§ **WHAT THE EXERCISE ASKS**
Repeat everything from the first line of the listing below through the line that contains "Mercedes-Benz A-klasse 200 AMG AUTOMAAT", exactly. Leave out pictures.

§ **EXTRACTED DATA**
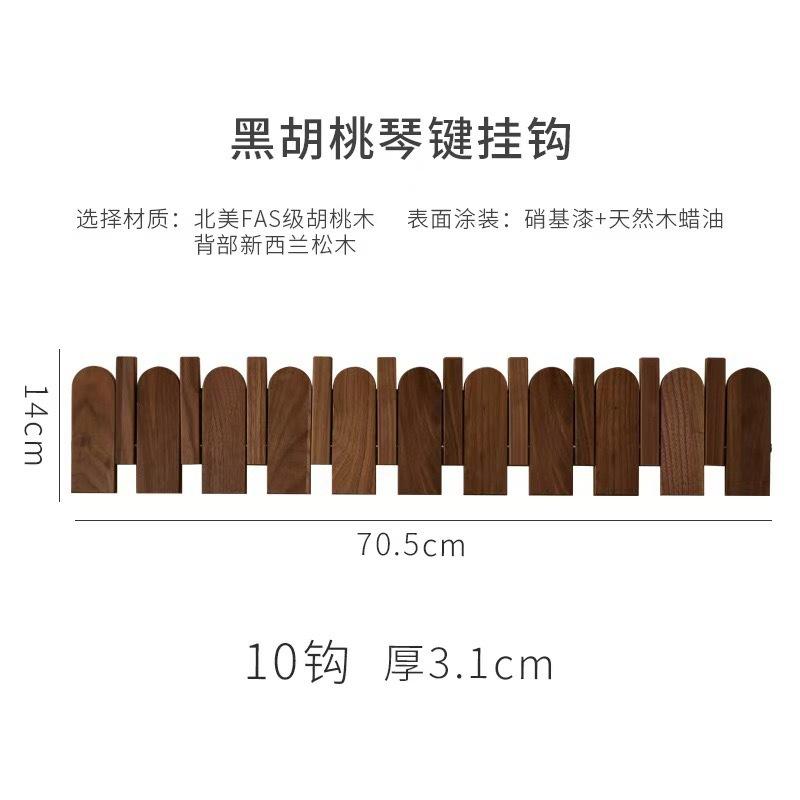 微信图片_20250915090506.jpg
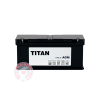 Аккумулятор Titan AGM 6 СТ 95Ач оп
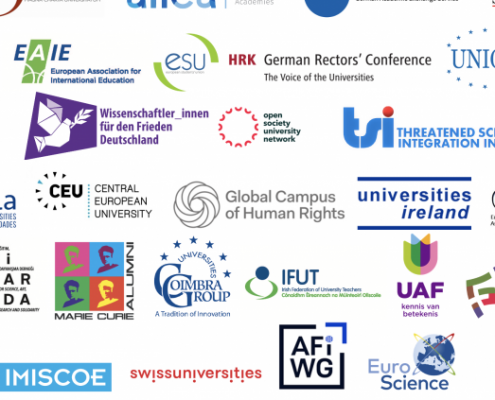 Afghanistan-researchers-call-960x423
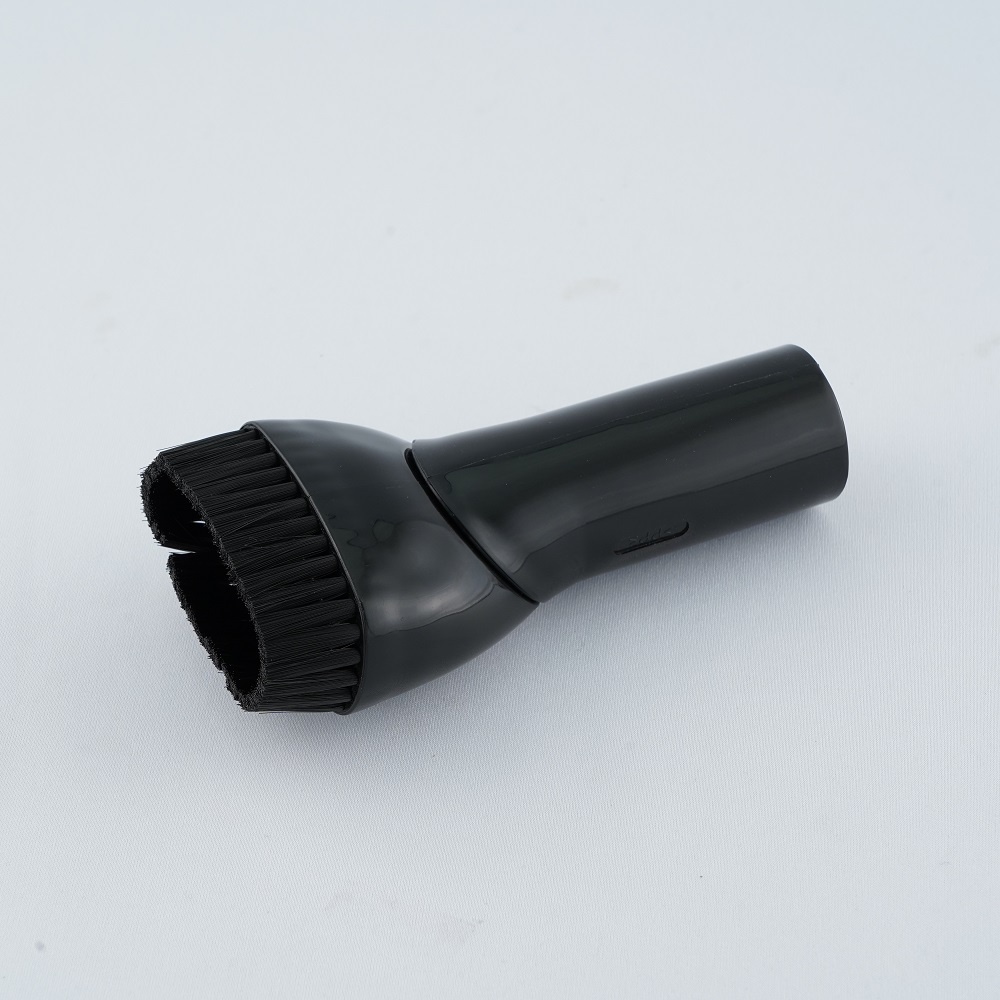 ウルトラ7000 丸ブラシ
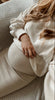 Spray Tanning During Pregnancy: What Every Spray Tan Artist Should Know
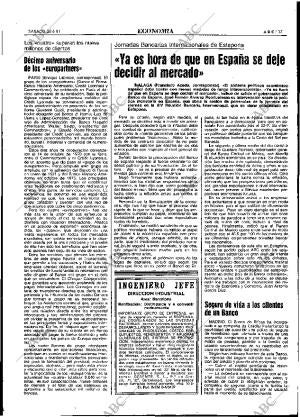 ABC MADRID 20-06-1981 página 57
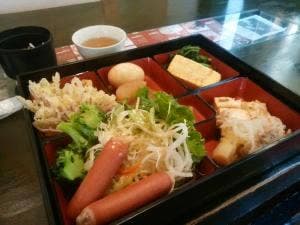 寿提夢 津島店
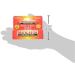 Mitigator Sting & Bite Scrub - Fast-Acting Skin Protectant, Relieves Itching - 1 oz Tube - Buy Online on GoSupps.com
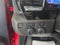 2023 Chevrolet Silverado 1500 Crew Cab Standard Box 4-Wheel Drive LT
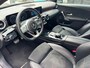 Mercedes-Benz A-klasse 200 AMG AUTOMAAT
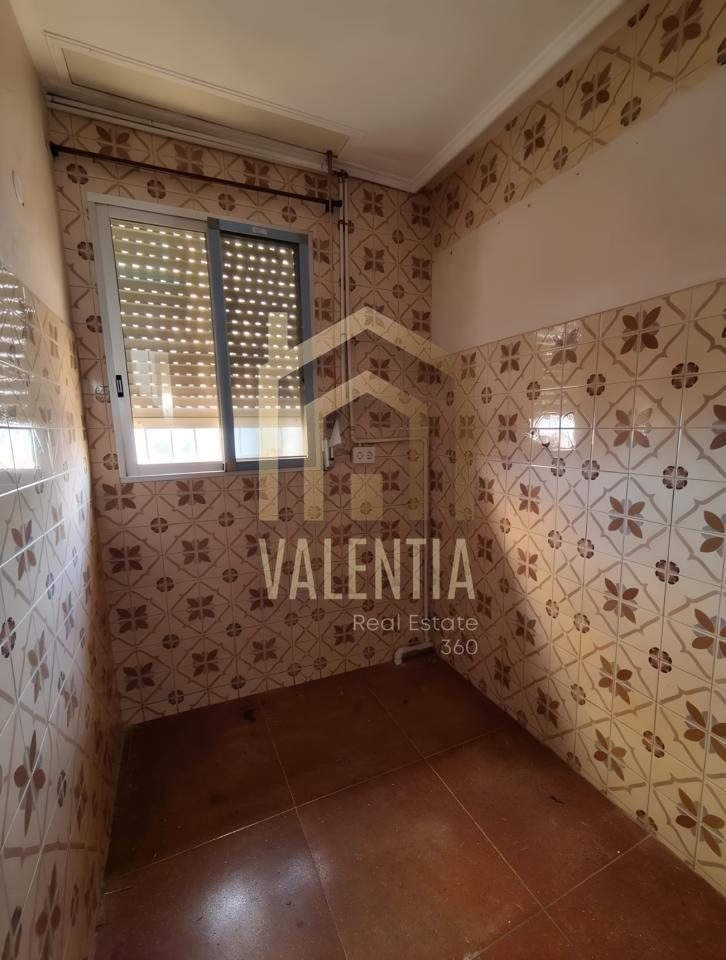 Piso en venta en Valencia — Foto 2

§ **TASK OUTPUT**
 微信图片_20250915090506.jpg
 Аккумулятор Titan AGM 6 СТ 95Ач оп
 Afghanistan-researchers-call-960x423
 ウルトラ7000 丸ブラシ
 Spray Tanning During Pregnancy: What Every Spray Tan Artist Should Know
 ABC MADRID 20-06-1981 página 57
 寿提夢 津島店
 Mitigator Sting & Bite Scrub - Fast-Acting Skin Protectant, Relieves Itching - 1 oz Tube - Buy Online on GoSupps.com
 2023 Chevrolet Silverado 1500 Crew Cab Standard Box 4-Wheel Drive LT
 Mercedes-Benz A-klasse 200 AMG AUTOMAAT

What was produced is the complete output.